While this isn’t the first time that policymakers have grappled with serious questions related to encryption and digital security—just last year, the White House backed away from a proposal seeking “backdoors” into encrypted devices after a multitude of stakeholders spoke out about the dangers of such anti-security measures—it is likely the most difficult case yet involving such issues. Certainly, the FBI has a strong interest in thoroughly investigating terrorist activity and preventing such acts in the future. Technology companies also care deeply about stopping criminal activity, which is why this is such a difficult problem: though the FBI’s request is tailored to investigating a specific terrorist activity, it will ultimately weaken security standards and may lead to serious vulnerabilities that will put countless consumers at risk.

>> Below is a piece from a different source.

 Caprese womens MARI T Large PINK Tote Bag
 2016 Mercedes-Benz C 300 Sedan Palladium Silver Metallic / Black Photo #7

In the past, Apple has cooperated with law enforcement to unlock phones in order to gain access to information, at least when doing so was technologically feasible. This situation is slightly different, as the court order requires Apple to create an entirely new version of Apple’s operating system (OS) to allow the government to circumvent security features that Apple built into its OS to prevent brute force attacks. This software will effectively make brute force attacks on encrypted devices possible—whether it’s the FBI attempting to brute force the phone or anyone else that has access to the software. Though the FBI says it intends to use this modified OS in this situation only, the spate of high-profile hacks and data breaches over the past year (including a breach of sensitive government information) should cast doubt on any such guarantees.

And, while some may argue that Apple’s strong opposition to the FBI’s request in this case demonstrates that any future requests for similar security circumvention activities will be limited to only the most extreme circumstances, that only holds true if the company being tasked with providing access to encrypted information has the resources to mount such a robust legal challenge. The startups that are responsible for so much of the tech sector’s growth have nowhere near the legal resources needed to fight spurious requests for dangerous encryption backdoors. Establishing a precedent that obligates companies to undermine the security measures that keep millions of consumers and their data safe from criminals will only increase the chances that these security circumvention technologies are employed in spurious cases or, worse, fall into the wrong hands.

Law enforcement is fully justified in attempting to do everything possible to prevent future terrorist attacks, just as Apple is fully justified in arguing that what the FBI wants could have serious negative repercussions for the security of its users. But, the security vulnerabilities that could arise by forcing Apple to undermine the strong encryption technologies it has built into its products should make anyone think twice about establishing such a dangerous precedent.